How to slice the wedding cake baker controversy with the Constitution

27
Jun2017

The Supreme Court has agreed to hear what’s become known as the “wedding cake baker” controversy. In short, does a baker have a right to refuse to make a wedding cake for a same-sex couple?

Many states have antidiscrimination laws that prohibit those who operate businesses of public accommodation (e.g. restaurants, stores, and bakeries) from denying service to people based on their sexual orientation. However, some religious cake bakers, florists, and probably others who sell wedding-related products have refused to sell them to same-sex couples because their religious beliefs oppose same-sex marriage or possibly even same-sex relationships. Some state governments have argued that these refusals violate their antidiscrimination laws. The cake bakers then claim that such laws cannot constitutionally force them to make a cake for a same-sex wedding because that would infringe on their freedom of religion.

Does the cake bakers’ claim have merit? Pardon the typical lawyer answer, but it depends. It depends on how far their desired refusal-of-service goes. Generally, antidiscrimination laws based on sexual orientation prohibit policies like, “You’re gay, you can’t eat here.” Such prohibition on discrimination applies equally to everyone and was not enacted to interfere with religion. It is, therefore, religiously neutral. If the bakers are fighting to be allowed to ignore that, their suit will probably fail. As the Supreme Court ruled in Employment Division, Department of Human Resources of Oregon v. Smith (full decision here), a state can enact religiously neutral restrictions that coincidentally burden religious practices. A state cannot, pass restrictions based on religion or to intentionally interfere with religious practices. Contrast Smith with Church of the Lukumi Babalu Aye v. City of Hialeah (full opinion). Antidiscrimination laws are an example of those religiously neutral restrictions that coincidentally burden religious practices.

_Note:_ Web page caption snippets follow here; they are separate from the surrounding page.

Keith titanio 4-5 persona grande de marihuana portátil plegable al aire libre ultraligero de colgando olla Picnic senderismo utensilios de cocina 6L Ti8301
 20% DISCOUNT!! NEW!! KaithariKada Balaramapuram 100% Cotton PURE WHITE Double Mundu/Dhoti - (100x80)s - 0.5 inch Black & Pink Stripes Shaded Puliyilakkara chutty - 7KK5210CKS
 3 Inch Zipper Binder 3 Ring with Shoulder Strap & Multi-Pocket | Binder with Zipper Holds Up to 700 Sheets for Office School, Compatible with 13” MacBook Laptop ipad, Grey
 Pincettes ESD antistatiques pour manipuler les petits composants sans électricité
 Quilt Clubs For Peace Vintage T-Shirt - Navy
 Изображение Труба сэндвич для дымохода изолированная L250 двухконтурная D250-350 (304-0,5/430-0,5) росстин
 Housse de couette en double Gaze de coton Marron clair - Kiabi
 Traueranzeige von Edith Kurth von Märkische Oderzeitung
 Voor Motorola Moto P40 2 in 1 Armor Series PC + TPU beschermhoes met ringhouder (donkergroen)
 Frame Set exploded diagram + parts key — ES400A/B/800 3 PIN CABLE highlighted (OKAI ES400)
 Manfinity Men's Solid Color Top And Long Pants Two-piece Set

However, the cake bakers will be on firm ground if they are just arguing that they cannot be forced to do a particular design on a cake because that is an artistic expression. Although antidiscrimination laws are likely constitutional, cake bakers have the same right as everyone else to only express what they wish to express. A cake baker might not want to draw two male symbols or two female symbols together, or a Cross, a Star of David, a Star and Crescent, another religious symbol, or countless other things. Although you and I may disagree with such refusal, we have freedom of speech and freedom of religion in this country, and that includes a right not to express something. Refusing to do a particular design is the cake baker’s right and should be ruled as protected by the First Amendment. If you do not like someone’s art, your remedy is to buy someone else’s, not coerce someone to make art to your specifications.

Bottom line: who the customer is or how the product will be used once sold is none of the baker’s business. However, if the customer is requesting a design that violates the baker’s beliefs, for the state to coerce the baker to create that expression should be considered a violation of the First Amendment.